Jesus does the exact opposite of kicking out the Gentiles and tax collectors.
Instead, Jesus treats Gentiles and tax collectors with extra grace and extra care.

So now it sounds like I must learn to work on the group science project with the girl who smacks her bubble gum and twists her hair.
And it sounds like I must learn to work with the boy who is dyslexic and has trouble reading the textbook.
It sounds like I must learn to work together on the group project of the Christian journey – instead of kicking anyone out.
It sounds like we are stuck with each other.

Our concept of church is different than the concept of the Christian community in the first century.
We tend to think of church as an activity on Sundays, maybe with some worship and education during the week in the St. Alban’s community.
In this 21st century, we have the option of keeping our church relationships and our everyday relationships separate.

However, church in the first century was not separate from the community that you lived in.
In the early days, church was where you cooked together, prayed together, worked in the fields together, shared wine over dinner together and blew out the candles at the end of a long day together.
Most likely, the church community that the writer of the Gospel of Matthew was addressing was more like a group school project on steroids.

And Jesus says to this faith community:
“To those who offend you, let such a one be to you as a Gentile and a tax collector.
To those who offend you, show them extra grace and extra care.
For truly I tell you, whatever you bind on earth will be bound in eternity.”

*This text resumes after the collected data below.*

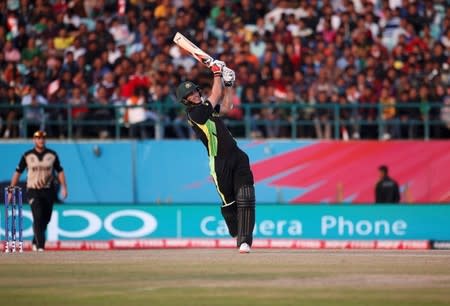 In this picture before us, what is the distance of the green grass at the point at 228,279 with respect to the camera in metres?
12.6

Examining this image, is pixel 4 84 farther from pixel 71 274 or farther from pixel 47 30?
pixel 71 274

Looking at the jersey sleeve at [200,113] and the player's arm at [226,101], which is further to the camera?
the player's arm at [226,101]

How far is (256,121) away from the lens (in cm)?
2625

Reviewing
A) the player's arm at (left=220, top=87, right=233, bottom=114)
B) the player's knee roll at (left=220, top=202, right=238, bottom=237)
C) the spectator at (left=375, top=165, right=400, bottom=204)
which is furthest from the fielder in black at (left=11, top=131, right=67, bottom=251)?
the spectator at (left=375, top=165, right=400, bottom=204)

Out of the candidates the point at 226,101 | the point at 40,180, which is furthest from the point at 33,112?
the point at 226,101

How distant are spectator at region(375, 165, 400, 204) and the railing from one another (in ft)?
3.70

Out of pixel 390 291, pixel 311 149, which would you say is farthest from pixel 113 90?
pixel 390 291

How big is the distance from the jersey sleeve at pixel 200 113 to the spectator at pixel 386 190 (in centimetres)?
1001

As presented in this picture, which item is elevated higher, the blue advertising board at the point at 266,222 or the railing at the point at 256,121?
the railing at the point at 256,121

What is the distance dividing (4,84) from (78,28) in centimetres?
239

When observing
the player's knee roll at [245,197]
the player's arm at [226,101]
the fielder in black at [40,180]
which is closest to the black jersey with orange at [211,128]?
the player's arm at [226,101]

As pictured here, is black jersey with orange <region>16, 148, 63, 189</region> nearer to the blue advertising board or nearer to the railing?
the blue advertising board

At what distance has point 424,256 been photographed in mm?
17359

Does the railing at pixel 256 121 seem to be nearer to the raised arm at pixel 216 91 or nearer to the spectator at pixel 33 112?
the spectator at pixel 33 112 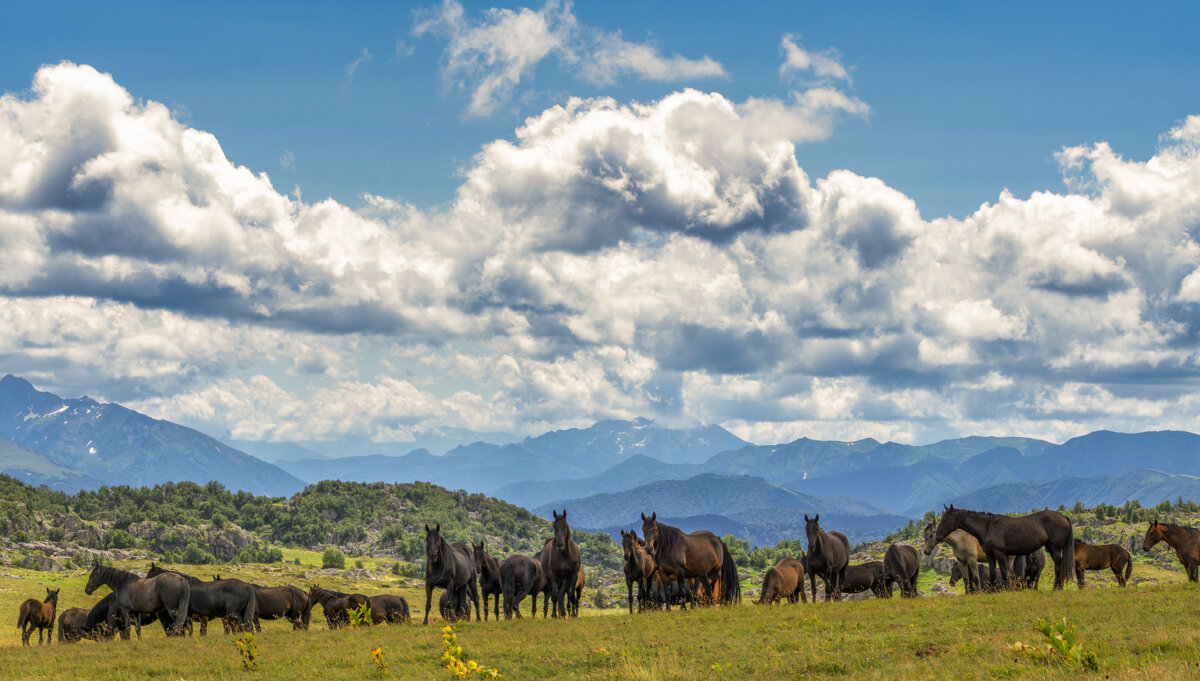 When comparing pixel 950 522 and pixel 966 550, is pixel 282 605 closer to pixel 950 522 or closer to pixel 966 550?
pixel 950 522

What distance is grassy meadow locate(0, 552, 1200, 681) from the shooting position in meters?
19.0

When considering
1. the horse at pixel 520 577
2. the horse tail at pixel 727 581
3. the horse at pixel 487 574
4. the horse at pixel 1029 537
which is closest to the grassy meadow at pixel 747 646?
the horse at pixel 1029 537

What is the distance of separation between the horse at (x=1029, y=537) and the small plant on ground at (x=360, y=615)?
81.1 ft

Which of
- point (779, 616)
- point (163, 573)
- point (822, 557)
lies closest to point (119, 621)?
point (163, 573)

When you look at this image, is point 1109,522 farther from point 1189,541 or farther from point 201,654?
point 201,654

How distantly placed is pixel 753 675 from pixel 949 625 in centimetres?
799

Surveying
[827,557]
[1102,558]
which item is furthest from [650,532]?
[1102,558]

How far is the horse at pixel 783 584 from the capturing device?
34.9m

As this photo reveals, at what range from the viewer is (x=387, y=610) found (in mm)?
39938

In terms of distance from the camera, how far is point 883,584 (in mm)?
39281

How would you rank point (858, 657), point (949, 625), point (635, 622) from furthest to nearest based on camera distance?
1. point (635, 622)
2. point (949, 625)
3. point (858, 657)

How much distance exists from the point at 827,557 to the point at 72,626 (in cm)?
3463

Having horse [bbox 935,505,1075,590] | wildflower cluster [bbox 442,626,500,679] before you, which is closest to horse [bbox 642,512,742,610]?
horse [bbox 935,505,1075,590]

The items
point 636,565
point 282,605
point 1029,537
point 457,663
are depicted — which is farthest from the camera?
point 282,605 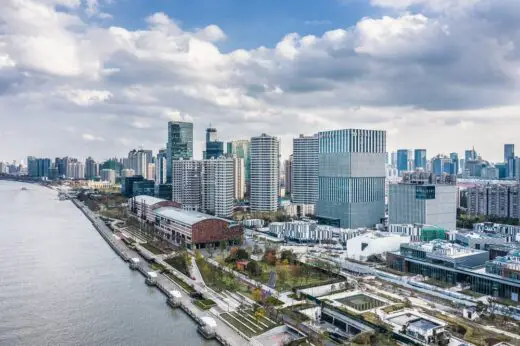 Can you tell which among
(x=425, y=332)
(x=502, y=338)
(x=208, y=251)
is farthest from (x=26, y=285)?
(x=502, y=338)

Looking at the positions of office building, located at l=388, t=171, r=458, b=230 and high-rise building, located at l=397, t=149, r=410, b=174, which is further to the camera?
high-rise building, located at l=397, t=149, r=410, b=174

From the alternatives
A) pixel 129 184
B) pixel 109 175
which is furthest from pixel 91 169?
pixel 129 184

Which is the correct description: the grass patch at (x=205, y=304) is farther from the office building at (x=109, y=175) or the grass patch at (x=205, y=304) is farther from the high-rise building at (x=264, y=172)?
the office building at (x=109, y=175)

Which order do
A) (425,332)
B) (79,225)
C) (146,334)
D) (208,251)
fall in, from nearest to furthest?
1. (425,332)
2. (146,334)
3. (208,251)
4. (79,225)

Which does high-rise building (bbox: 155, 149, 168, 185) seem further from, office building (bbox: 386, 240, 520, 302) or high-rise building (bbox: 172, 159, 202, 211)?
office building (bbox: 386, 240, 520, 302)

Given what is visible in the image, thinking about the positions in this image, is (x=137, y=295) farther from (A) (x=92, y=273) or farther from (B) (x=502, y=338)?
(B) (x=502, y=338)

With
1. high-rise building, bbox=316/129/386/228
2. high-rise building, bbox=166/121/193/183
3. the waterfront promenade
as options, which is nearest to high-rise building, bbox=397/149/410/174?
high-rise building, bbox=166/121/193/183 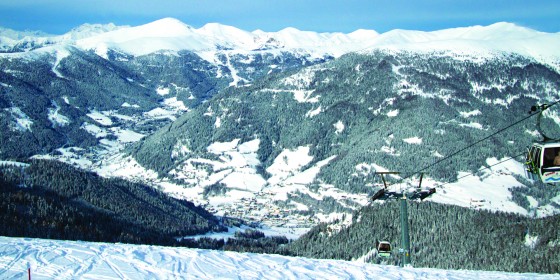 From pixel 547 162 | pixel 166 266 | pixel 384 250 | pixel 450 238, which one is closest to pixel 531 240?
pixel 450 238

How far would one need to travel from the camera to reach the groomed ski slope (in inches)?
1454

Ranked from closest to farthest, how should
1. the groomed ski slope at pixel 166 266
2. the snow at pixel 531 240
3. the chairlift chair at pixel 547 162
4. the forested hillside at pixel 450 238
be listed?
1. the chairlift chair at pixel 547 162
2. the groomed ski slope at pixel 166 266
3. the forested hillside at pixel 450 238
4. the snow at pixel 531 240

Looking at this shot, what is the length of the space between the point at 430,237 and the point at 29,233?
371ft

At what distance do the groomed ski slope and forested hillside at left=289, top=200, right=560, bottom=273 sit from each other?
104871 millimetres

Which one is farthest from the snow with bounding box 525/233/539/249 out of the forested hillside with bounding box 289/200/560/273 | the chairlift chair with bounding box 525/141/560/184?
the chairlift chair with bounding box 525/141/560/184

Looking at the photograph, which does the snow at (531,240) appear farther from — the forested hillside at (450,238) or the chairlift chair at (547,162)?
the chairlift chair at (547,162)

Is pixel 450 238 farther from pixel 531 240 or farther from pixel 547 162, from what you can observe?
pixel 547 162

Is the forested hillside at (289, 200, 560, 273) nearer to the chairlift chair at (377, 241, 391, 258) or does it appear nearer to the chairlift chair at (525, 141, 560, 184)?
the chairlift chair at (377, 241, 391, 258)

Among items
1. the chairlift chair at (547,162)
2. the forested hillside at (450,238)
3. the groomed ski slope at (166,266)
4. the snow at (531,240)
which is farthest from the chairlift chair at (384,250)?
the snow at (531,240)

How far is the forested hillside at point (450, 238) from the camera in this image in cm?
14212

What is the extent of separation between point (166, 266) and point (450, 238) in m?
137

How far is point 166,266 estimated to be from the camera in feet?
130

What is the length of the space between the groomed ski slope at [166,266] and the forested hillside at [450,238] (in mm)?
104871

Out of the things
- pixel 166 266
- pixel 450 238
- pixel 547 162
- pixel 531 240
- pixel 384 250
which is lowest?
pixel 166 266
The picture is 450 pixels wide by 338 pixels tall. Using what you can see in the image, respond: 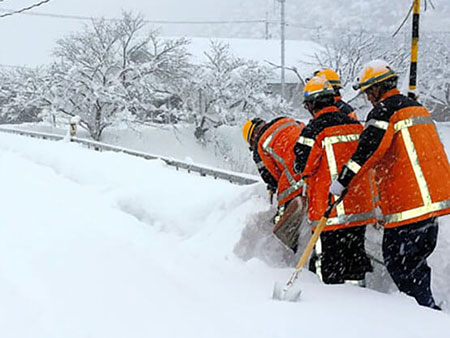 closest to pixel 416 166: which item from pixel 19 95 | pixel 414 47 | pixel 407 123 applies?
pixel 407 123

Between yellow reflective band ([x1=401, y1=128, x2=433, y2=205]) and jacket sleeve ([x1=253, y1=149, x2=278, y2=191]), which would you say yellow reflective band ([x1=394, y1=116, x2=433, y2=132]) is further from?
jacket sleeve ([x1=253, y1=149, x2=278, y2=191])

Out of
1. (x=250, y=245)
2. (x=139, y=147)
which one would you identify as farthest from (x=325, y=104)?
(x=139, y=147)

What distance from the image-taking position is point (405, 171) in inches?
140

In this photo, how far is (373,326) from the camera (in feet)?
8.99

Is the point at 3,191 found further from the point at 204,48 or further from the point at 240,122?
the point at 204,48

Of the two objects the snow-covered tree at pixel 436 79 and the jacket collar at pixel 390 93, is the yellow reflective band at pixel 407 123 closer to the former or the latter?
the jacket collar at pixel 390 93

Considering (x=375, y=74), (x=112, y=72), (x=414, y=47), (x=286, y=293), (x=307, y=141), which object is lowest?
(x=112, y=72)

We are bound to each other on earth.
We are stuck with each other for eternity.

Today we are baptizing James Lane Hughes.
We are binding another person into our faith community, a person whom we will give extra grace and care to.

And Jamie is being assigned a group project.
In this group project of love, Jamie is to work with us to love God and to love his neighbors.
Jamie is making a covenant.
And we are making a covenant.
This baptismal covenant will bind him to us and will bind us to him, on this earth and into eternity.
Jamie doesn’t know it yet, but he is stuck with us.

And as Jamie grows up, he will learn how to walk the Christian journey, yet not as his own private project.
Instead Jamie will walk the Christian journey together with us, as a group.

Because when we get tired of each other and disputes get heated, we have bound ourselves to Jesus and to each other.
When we get on each other’s nerves, we have promised to treat each other as Gentiles and tax collectors.
We have promised to show extra grace and care to each other, in God’s grand group project of love.

I would imagine that there are people in your life whom you might like to kick out of your group project:
The lazy co-worker who always comes in late to work and who always leaves work 15 minutes early.
The strange cousin who overstays his welcome and never says thank you for anything.
The old friend who is always asking to borrow money from you and yet who never repays a dime.

And Jesus says that if a brother or sister offends you, then have a conversation.
And if that doesn’t work, don’t kick them out, but treat them as a Gentile or a tax collector, with extra grace and love.

You see, the Christian faith and life is not lived and practiced as our own individual project.
In our Baptism, we are bound together.
We are stuck with each other.

For Jesus, our teacher, does not say:
“I have a wonderful project for you to work on all by yourself!”

But Jesus proclaims:
“I have a special project for you to work on.
And this project - is a group project.”